At the line containing "Image of Pilsner Urquell beer pub sign", begin repeating lines exactly, and stop only after the final line of the records below.

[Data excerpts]

- - - - -

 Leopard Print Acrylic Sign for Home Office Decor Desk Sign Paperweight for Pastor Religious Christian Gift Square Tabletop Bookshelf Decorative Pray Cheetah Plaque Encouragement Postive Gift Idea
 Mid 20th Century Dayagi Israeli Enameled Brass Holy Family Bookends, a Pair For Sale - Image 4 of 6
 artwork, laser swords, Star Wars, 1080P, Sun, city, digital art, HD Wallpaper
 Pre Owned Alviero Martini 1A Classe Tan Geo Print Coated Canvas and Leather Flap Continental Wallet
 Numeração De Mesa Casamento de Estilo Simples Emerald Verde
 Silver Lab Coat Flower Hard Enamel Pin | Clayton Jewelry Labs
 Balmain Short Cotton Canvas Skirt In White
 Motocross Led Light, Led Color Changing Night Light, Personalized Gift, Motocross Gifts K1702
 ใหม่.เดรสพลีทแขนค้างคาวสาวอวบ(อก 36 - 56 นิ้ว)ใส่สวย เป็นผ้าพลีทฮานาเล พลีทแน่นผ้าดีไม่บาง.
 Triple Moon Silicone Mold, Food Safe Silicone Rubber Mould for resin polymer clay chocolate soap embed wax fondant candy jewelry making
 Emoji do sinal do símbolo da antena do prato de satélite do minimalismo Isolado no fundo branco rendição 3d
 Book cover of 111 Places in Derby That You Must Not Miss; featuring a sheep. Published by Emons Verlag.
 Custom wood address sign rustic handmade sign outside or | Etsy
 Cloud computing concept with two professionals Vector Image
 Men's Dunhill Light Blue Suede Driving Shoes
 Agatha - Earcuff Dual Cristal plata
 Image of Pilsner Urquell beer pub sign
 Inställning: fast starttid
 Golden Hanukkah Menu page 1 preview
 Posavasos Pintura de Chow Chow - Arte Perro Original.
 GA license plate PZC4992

- - - - -

[Solved problem]
 Image of Pilsner Urquell beer pub sign
 Inställning: fast starttid
 Golden Hanukkah Menu page 1 preview
 Posavasos Pintura de Chow Chow - Arte Perro Original.
 GA license plate PZC4992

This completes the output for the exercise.